FIG. 5 illustrates the front deflector surface 19 of the chamber 17 as 
slightly offset rearwardly with respect to the leading edge 15 of the gas 
outlet opening 13 of the barrel 1, to a degree which corresponds to the 
path traveled by the barrel, as occurs in firearms wherein the rear end of 
the barrel 1 drops during the cycling of the firearm action. FIGS. 5 to 7 
illustrate this travel, as occurs in such firearms wherein the barrel 
initially retracts by a set amount, and subsequently tilts, during 
cycling. FIG. 5 shows the position of the individual parts prior to the 
firing of the shot. FIG. 6 shows the position immediately after firing the 
shot, and FIG. 7 illustrates the position of the parts when the action is 
at its rearwardmost position, with the breech open, and with the rear end 
of the barrel 1 tilting downward. In correspondence with this downward 
tilting, the muzzle brake 2 travels upwards via its fork 3 in the holding 
slot 4 without impairing the movement of the barrel 1 in any way. During 
the closing of the breech, the movements, as illustrated in FIGS. 5 to 7, 
occur in the opposite direction. 
Upon firing a shot, the projectile initially accelerates through the barrel 
1 until passing gas outlet opening 13 from which a first portion of the 
combustion gas escapes and is deflected along the deflector surfaces 15 
and 19 as shown in broken lines by the arrow P. A similar gas discharge 
occurs via gas outlet opening 14 as shown by arrow Q. The gas is deflected 
upwardly and thus compensates recoil and the impact energy of the gas upon 
the atmosphere. The remaining propellant gas emerges from the barrel at 
its forward end as indicated by arrow S. 

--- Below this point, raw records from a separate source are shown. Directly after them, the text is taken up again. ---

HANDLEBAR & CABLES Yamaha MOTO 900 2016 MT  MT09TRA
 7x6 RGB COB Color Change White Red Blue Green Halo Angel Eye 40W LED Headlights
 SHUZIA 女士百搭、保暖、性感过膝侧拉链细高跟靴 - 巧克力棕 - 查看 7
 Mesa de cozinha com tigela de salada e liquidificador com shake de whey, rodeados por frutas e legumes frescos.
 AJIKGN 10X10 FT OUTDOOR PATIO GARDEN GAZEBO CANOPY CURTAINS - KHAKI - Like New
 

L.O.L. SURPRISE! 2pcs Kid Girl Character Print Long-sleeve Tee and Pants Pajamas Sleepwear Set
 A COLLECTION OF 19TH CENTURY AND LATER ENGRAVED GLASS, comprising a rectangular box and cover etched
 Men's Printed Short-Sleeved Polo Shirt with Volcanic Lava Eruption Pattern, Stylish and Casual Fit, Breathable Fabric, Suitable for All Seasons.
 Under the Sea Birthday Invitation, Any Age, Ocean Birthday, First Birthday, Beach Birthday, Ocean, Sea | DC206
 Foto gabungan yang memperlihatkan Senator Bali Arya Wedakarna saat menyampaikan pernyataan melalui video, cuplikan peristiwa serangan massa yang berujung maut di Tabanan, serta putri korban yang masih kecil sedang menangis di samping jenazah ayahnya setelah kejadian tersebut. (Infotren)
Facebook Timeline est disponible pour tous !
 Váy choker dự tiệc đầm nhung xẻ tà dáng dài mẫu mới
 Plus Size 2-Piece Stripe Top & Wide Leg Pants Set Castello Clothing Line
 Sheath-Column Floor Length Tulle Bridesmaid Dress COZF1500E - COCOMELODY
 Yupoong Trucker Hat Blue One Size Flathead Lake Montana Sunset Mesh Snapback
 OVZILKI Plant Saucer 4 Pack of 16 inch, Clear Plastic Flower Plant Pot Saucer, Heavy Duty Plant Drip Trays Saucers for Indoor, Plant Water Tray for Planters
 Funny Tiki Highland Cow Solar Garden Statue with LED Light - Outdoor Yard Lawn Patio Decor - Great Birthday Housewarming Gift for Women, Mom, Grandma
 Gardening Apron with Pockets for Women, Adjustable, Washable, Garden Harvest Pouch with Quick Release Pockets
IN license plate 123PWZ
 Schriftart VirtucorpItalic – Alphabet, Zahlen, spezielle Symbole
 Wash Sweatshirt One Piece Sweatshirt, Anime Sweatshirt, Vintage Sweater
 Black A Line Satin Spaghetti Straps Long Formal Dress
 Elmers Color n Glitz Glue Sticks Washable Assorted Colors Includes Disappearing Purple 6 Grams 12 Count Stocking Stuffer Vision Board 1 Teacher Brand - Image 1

While the inventive design is applicable for all types of small arms, both 
those with fixed barrels and those wherein the barrel drops during cycling 
of the action, the deflection of the gases is attained in the same manner. 
However, in firearms with rigid barrels, it should be noted that no 
relative motion between the barrel and muzzle brake occurs and therefore, 
the respective surfaces of the gas outlet openings and the chambers must 
always be aligned adjacent to each other. 
While preferred embodiments have been shown and described, various 
modifications and substitutions may be made thereto without departing from 
the spirit and scope of the invention. Accordingly, it will be understood 
that the present invention is not to be limited except by the character of 
the claims appended hereto.